(What needs to be done) Please reproduce all the records exactly while leaving out their pictures.

START Records provided

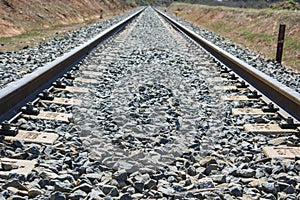 Detail of a railway track from a level crossing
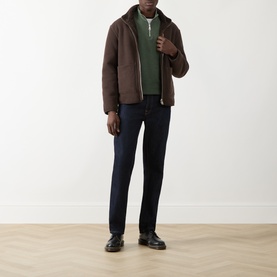 Model wearing Farah Vintage Rosemary Marl Half Zip, styled with a brown jacket, dark navy jeans and black leather shoes.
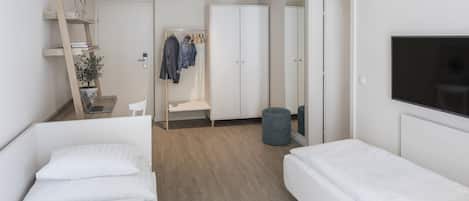 Un dormitorio moderno con dos camas individuales, un armario, un televisor y un pequeño rincón de descanso con una silla y una planta.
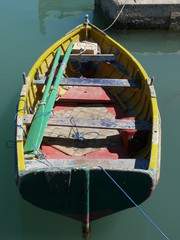 Open fishing dinghy in harbour tied up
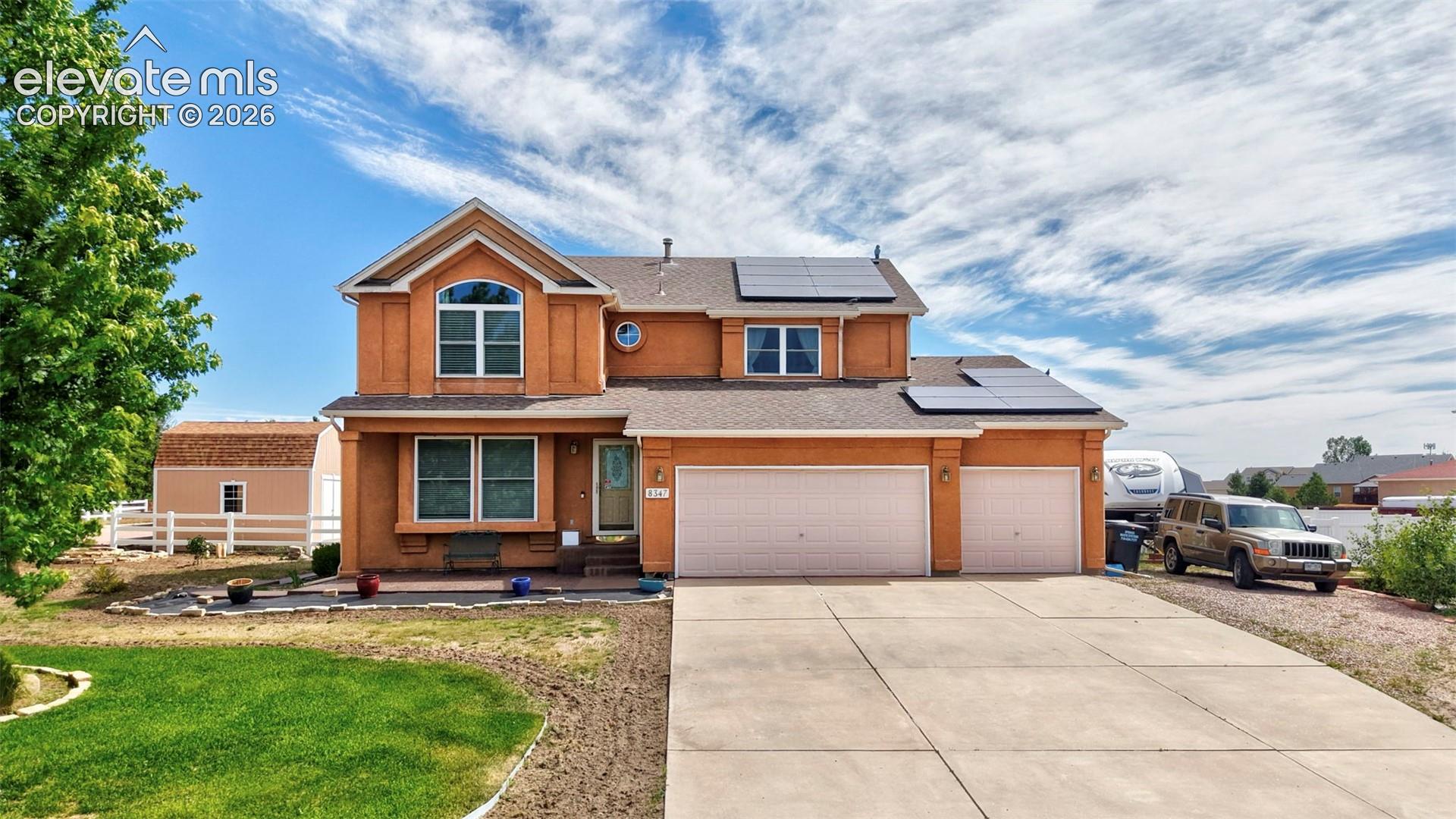 Two-story stucco residence with a concrete driveway, attached two-car garage, and solar panels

END Records provided

(Answer section)
 Detail of a railway track from a level crossing
 Model wearing Farah Vintage Rosemary Marl Half Zip, styled with a brown jacket, dark navy jeans and black leather shoes.
 Un dormitorio moderno con dos camas individuales, un armario, un televisor y un pequeño rincón de descanso con una silla y una planta.
 Open fishing dinghy in harbour tied up
 Two-story stucco residence with a concrete driveway, attached two-car garage, and solar panels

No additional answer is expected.